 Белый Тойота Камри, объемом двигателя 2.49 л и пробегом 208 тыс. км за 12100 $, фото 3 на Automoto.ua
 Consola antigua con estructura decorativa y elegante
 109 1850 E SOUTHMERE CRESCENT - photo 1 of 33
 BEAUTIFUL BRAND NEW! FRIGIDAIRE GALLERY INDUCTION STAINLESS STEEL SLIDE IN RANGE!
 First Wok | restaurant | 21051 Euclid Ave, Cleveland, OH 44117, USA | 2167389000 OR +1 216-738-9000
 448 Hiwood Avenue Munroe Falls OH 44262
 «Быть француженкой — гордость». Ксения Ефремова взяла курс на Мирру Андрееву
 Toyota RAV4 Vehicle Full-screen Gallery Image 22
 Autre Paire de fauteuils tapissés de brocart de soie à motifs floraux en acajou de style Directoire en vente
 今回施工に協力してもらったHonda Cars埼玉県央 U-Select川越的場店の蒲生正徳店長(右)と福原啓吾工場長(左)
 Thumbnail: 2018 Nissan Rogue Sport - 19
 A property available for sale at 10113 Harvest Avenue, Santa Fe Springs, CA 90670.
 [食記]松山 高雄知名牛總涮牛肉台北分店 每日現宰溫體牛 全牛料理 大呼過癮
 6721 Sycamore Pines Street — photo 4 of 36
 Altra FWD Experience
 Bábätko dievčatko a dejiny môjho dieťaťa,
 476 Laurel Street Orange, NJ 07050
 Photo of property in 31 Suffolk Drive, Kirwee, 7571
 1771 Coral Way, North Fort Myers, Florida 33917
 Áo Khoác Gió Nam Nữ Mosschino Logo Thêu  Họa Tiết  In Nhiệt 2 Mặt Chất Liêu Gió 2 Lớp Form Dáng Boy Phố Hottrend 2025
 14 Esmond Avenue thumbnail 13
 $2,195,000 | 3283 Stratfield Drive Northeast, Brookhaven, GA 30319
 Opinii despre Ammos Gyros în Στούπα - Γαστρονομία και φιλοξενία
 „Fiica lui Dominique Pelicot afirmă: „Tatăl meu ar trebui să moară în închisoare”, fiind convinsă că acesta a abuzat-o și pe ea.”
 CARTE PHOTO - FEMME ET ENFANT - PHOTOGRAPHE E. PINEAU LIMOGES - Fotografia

• **TASK GOAL**
Type out again, exactly as written, the lines from the beginning of the material through the one containing "Opinii despre Ammos".

• **RESPONSE TO THE EXERCISE**
 Белый Тойота Камри, объемом двигателя 2.49 л и пробегом 208 тыс. км за 12100 $, фото 3 на Automoto.ua
 Consola antigua con estructura decorativa y elegante
 109 1850 E SOUTHMERE CRESCENT - photo 1 of 33
 BEAUTIFUL BRAND NEW! FRIGIDAIRE GALLERY INDUCTION STAINLESS STEEL SLIDE IN RANGE!
 First Wok | restaurant | 21051 Euclid Ave, Cleveland, OH 44117, USA | 2167389000 OR +1 216-738-9000
 448 Hiwood Avenue Munroe Falls OH 44262
 «Быть француженкой — гордость». Ксения Ефремова взяла курс на Мирру Андрееву
 Toyota RAV4 Vehicle Full-screen Gallery Image 22
 Autre Paire de fauteuils tapissés de brocart de soie à motifs floraux en acajou de style Directoire en vente
 今回施工に協力してもらったHonda Cars埼玉県央 U-Select川越的場店の蒲生正徳店長(右)と福原啓吾工場長(左)
 Thumbnail: 2018 Nissan Rogue Sport - 19
 A property available for sale at 10113 Harvest Avenue, Santa Fe Springs, CA 90670.
 [食記]松山 高雄知名牛總涮牛肉台北分店 每日現宰溫體牛 全牛料理 大呼過癮
 6721 Sycamore Pines Street — photo 4 of 36
 Altra FWD Experience
 Bábätko dievčatko a dejiny môjho dieťaťa,
 476 Laurel Street Orange, NJ 07050
 Photo of property in 31 Suffolk Drive, Kirwee, 7571
 1771 Coral Way, North Fort Myers, Florida 33917
 Áo Khoác Gió Nam Nữ Mosschino Logo Thêu  Họa Tiết  In Nhiệt 2 Mặt Chất Liêu Gió 2 Lớp Form Dáng Boy Phố Hottrend 2025
 14 Esmond Avenue thumbnail 13
 $2,195,000 | 3283 Stratfield Drive Northeast, Brookhaven, GA 30319
 Opinii despre Ammos Gyros în Στούπα - Γαστρονομία και φιλοξενία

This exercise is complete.